Fake service dogs: The Social Effects of Faking A Disability
Fake service dogs are not new, but the massive increase in numbers and media attention is frightening. Faking service dogs is not a crime that has no victims. It is not only illegal; it is a moral and social crime. Here’s a trendy article on some real jobs service dogs do.
As someone who has ties to service dog organizations and training groups, this issue is personal to me. There might also come a day when I (or anyone else) might need a service dog, and I will need the law and community to support me as a handler. So yes, I have strong feelings about this and so should you.
I’m not going to reiterate the problems outlined in others article like this one, this article, and this article. I’m going to talk about this as a long-term social problem. Social change happens all the time, and it doesn’t always have a positive impact. The behavior of being glued to a phone 24/7 is considered normal now, whereas you didn’t see it ten years ago. Whether or not that is positive or negative is debatable. *Note: According to ADA, an emotional support animal is not classified as a service dog.
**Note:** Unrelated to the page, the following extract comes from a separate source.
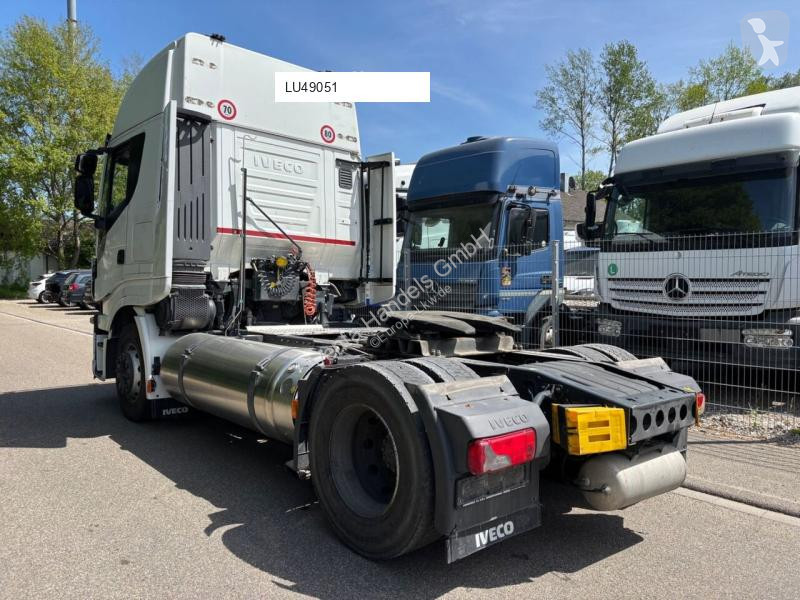 Iveco 460 tractor unit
I find this idea to be shameful.
By pretending to have a fake service dog and / or faking a need for a service dog has these detrimental social effects.
- It is making a mockery of people who need service dogs. Service dogs are being used for a variety of conditions that may not have visible cues including epilepsy, mental/emotional disorders, and diabetes. I have heard of people claiming to have these conditions when defending their fake service dog status, and it isn’t funny.
It is not funny to be physically immobilized, lack your sight, or hearing ability It is also not funny to live in a state of constant alert in case you have a seizure, panic attack, or fall into a diabetic coma. You should think long and hard about what it is like to live with a disability before you even think about pretending you have one. Making a joke out of serious condition(s) is downright rude and unacceptable.
This is my beloved late trainer, Dick Shumer, and his service dog, Buddy. Buddy is a Newfoundland.
- Faking service dogs is dangerous. Literally. In most cases of alleged fake service dogs I’ve consulted on, the dogs are downright dangerous. These are dogs who are ill-behaved, aggressive, and uncontrollable. Leave aggressive dogs at home. An ill-behaved dog only gives all dog in public a bad rap; it can also be a dangerous public nuisance. Yes, I do believe in Keep Austin Dog Friendly, by training dogs to behave in public. If your dog isn’t a good canine citizen, then it can stay home.
- As if having to manage daily life with a condition isn’t enough,service dog and handler teams will experience increased scrutiny or biased attitudes and behaviors. Even when it is obvious why someone is using a service dog, these people still encounter the unwelcoming looks, eyerolls, snide comments, and snickers.No one deserves to be treated like a second class citizen.
Service dogs and their handlers should be treated with respect. Making it difficult to distinguish a real service dog from a fake service dog only creates a cloud of suspicion on top of the social biases that already exist. Don’t make it harder for people with service dogs by making people leery of dogs wearing a vest. Here’s an post I wrote on how restaurants can provide better service to service dog and handler teams.
This is a photo of my late trainer, Dick with Chase and Buddy, his service dog. During water rescue training, Dick would throw his cane overboard. Buddy would jump into the water, retrieve the cane to the boat, tow the boat into shore, and help Dick get out of the boat. They were an amazing team to watch.
I don’t have the right answer for what to do if you encounter someone with a fake service dog. I’m just here to tell you that it is not acceptable to try to pass your pet off as a service dog. It is illegal, rude, and behavior that has long-lasting detrimental social effects on others. Let’s maintain a culture where faking a service dog is socially unacceptable.
This dog was rescued from an unsafe environment in Summer of 2013. Elsie is currently training to be a service dog in Oklahoma City.